[Stored dataset items]
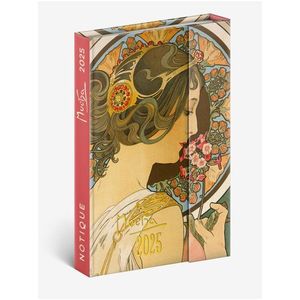 NOTIQUE Týdenní magnetický diář Alfons Mucha 2025, 11 x 16 cm obraz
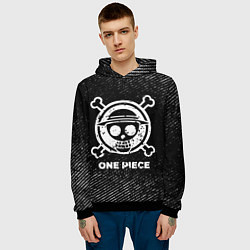 Толстовка-худи мужская One Piece с потертостями на темном фоне, цвет: 3D-черный — фото 2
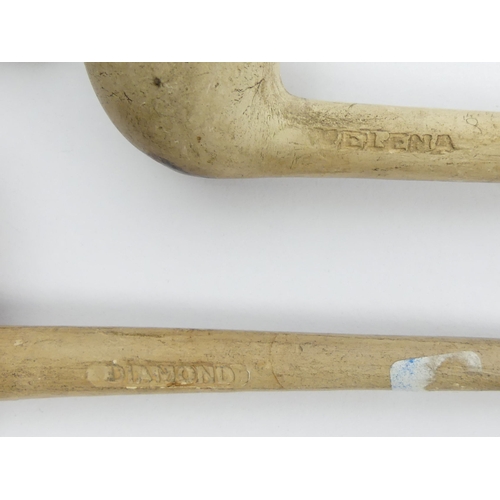 408 - Five old clay pipes including an unsmoked calabash shape. UK Postage £12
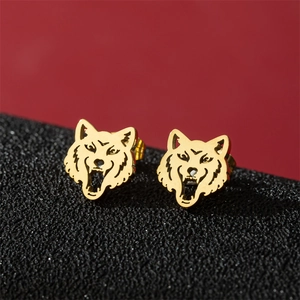 Gothic style gold stainless steel wolf head stud earrings for women on red background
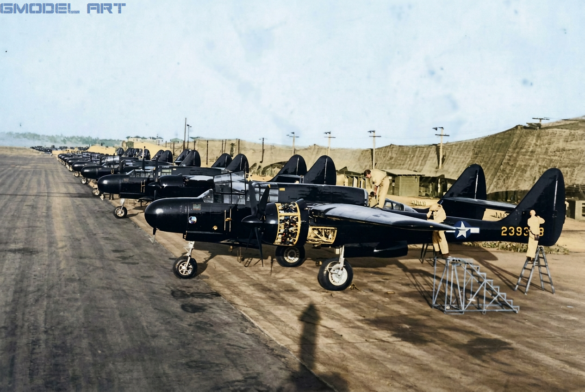 P-61 Black Widow: History, Variants, Combat Units & Modeling Guide Line of P-61 Night Fighter Planes Parked on Airfield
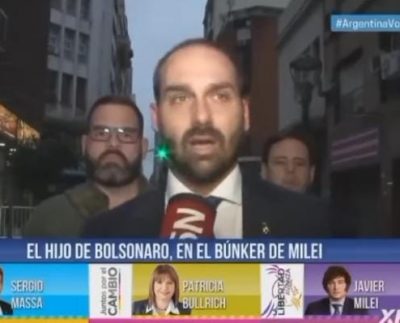 Eduardo Bolsonaro na imprensa argentina (Foto: Divulgação/Reprodução/Captura de tela/C5N).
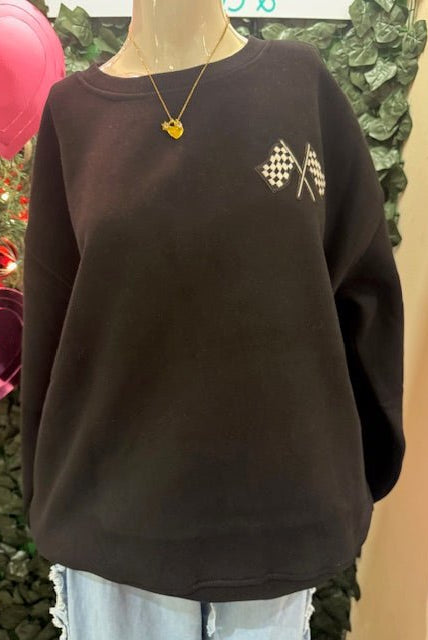 Racing Stripes Crewneck Sweatshirt - Deadwood South Boutique & Company LLC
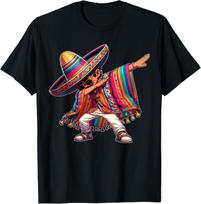 Dabbing Mexican Poncho Cinco De Mayo Sombrero Funny Unisex T-Shirt S įvairiaspalvis
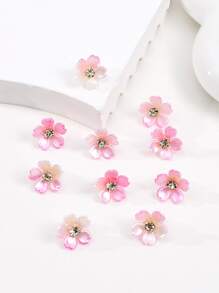 10pcs Girls' Flower Hair Hoops And Clips For Daily Life, Party, Wedding, Flower Girl Or Holiday - Baby Pink - View 2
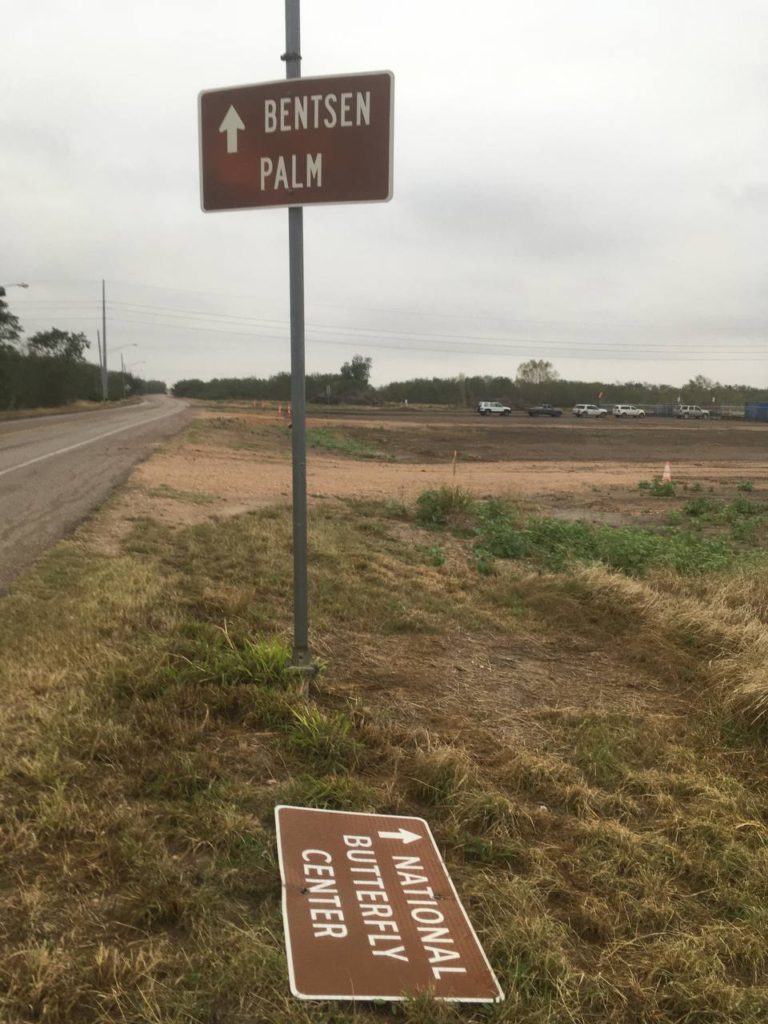 A highway sign for the National Butterfly Center in Mission, Texas, erected by the Texas Department of Transportation was pulled down on 28 January 2022 by QAnon and MAGA conspiracy theorists, who believe without justification the center is used for sex trafficking children. Photo: National Butterfly Center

Work to be completed – Please copy out the entries above exactly as they appear, but skip their images.

Written reply –
 NOTIQUE Týdenní magnetický diář Alfons Mucha 2025, 11 x 16 cm obraz
 Толстовка-худи мужская One Piece с потертостями на темном фоне, цвет: 3D-черный — фото 2
 408 - Five old clay pipes including an unsmoked calabash shape. UK Postage £12
 Gothic style gold stainless steel wolf head stud earrings for women on red background
 P-61 Black Widow: History, Variants, Combat Units & Modeling Guide Line of P-61 Night Fighter Planes Parked on Airfield
 Eduardo Bolsonaro na imprensa argentina (Foto: Divulgação/Reprodução/Captura de tela/C5N).
 Racing Stripes Crewneck Sweatshirt - Deadwood South Boutique & Company LLC
 Dabbing Mexican Poncho Cinco De Mayo Sombrero Funny Unisex T-Shirt S įvairiaspalvis
 10pcs Girls' Flower Hair Hoops And Clips For Daily Life, Party, Wedding, Flower Girl Or Holiday - Baby Pink - View 2
 A highway sign for the National Butterfly Center in Mission, Texas, erected by the Texas Department of Transportation was pulled down on 28 January 2022 by QAnon and MAGA conspiracy theorists, who believe without justification the center is used for sex trafficking children. Photo: National Butterfly Center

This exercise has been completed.